Overall, retail performed well in Q3, Commerce Department figures indicate. Total retail sales through all channels grew a healthy 4.8% year-over-year, reaching $938.57 billion versus $895.54 billion in Q3 last year. The nearly 5% growth represents the largest uptick in Q3 total sales since 2014, when retail sales increased 4.9%. These figures are based on a Digital Commerce 360 (formerly Internet Retailer) analysis of non-seasonally adjusted Commerce Department data and exclude sales in segments that don’t typically sell items online such as restaurants, bars, automobile dealers, gas stations and fuel dealers.

Half of all gains in retail spend for the quarter came from revenue generated online. Ecommerce penetration of retail sales hit 15.5% in the third quarter, up from 14.9% in Q2 and 13.9% in Q3 of last year.

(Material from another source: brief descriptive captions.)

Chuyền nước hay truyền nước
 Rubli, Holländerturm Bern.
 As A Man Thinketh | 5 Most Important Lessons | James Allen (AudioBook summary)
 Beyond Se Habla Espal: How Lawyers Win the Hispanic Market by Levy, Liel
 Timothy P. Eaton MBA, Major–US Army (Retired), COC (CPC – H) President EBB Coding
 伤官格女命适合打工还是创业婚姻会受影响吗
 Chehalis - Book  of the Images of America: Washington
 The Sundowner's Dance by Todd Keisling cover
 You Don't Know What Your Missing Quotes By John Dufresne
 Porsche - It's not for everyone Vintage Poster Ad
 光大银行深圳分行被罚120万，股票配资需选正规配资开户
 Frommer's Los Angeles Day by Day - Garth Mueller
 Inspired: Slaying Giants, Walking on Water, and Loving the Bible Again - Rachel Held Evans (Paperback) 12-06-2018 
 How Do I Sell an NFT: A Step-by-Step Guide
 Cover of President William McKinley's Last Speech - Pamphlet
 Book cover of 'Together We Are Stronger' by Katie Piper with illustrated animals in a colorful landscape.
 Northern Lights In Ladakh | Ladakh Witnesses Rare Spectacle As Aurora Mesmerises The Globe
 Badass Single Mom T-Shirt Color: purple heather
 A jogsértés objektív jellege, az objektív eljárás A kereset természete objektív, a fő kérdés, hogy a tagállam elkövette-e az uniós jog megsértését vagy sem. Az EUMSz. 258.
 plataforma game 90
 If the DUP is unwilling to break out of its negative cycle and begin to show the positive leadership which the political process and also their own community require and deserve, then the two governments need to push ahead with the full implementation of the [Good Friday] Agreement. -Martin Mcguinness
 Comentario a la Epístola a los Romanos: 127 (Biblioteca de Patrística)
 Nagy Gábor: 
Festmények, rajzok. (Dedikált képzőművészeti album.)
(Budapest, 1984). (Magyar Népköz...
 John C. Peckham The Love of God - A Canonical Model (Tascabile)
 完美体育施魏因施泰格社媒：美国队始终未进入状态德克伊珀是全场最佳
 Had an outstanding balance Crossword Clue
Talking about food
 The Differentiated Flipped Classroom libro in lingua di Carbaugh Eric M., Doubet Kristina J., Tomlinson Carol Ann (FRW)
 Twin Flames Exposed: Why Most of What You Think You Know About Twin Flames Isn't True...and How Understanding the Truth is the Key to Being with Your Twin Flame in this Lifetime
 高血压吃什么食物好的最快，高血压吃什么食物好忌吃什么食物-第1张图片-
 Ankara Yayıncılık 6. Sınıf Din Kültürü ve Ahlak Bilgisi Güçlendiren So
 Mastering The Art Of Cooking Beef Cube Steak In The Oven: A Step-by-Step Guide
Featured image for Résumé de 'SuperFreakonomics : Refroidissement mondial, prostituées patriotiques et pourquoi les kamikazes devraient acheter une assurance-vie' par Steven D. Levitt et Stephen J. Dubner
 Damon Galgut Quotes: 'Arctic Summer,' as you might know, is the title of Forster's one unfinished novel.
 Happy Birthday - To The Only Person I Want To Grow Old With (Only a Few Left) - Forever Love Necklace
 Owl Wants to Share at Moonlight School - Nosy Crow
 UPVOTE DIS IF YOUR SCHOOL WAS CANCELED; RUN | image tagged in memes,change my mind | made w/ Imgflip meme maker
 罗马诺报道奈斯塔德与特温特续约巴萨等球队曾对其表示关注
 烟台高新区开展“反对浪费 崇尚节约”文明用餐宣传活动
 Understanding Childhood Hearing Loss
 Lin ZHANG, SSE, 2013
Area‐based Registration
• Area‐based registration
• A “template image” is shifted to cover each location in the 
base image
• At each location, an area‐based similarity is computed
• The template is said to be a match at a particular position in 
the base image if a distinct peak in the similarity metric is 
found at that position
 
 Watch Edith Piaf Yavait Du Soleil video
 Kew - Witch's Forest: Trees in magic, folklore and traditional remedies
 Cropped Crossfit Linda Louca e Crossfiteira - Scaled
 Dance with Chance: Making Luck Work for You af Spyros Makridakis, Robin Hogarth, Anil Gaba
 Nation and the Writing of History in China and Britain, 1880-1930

Online’s share of total retail sales has nearly tripled in the last decade as shoppers get increasingly comfortable buying online.

When analyzing the first nine months of 2019, web sales growth drops to 14.2%, the slowest year-to-date rate since 2013 with 13.8%. For the 9-month period, online revenue reached $414.40 billion, up from $362.75 billion for the first three quarters of 2018. Digital Commerce 360 previously projected U.S. ecommerce will grow at a slightly lower 14.0% in 2019, and nine-month growth can be a good signal of where the market is headed. Total retail through Q3 hit $2.73 trillion, up 3.7% from $2.63 trillion last year.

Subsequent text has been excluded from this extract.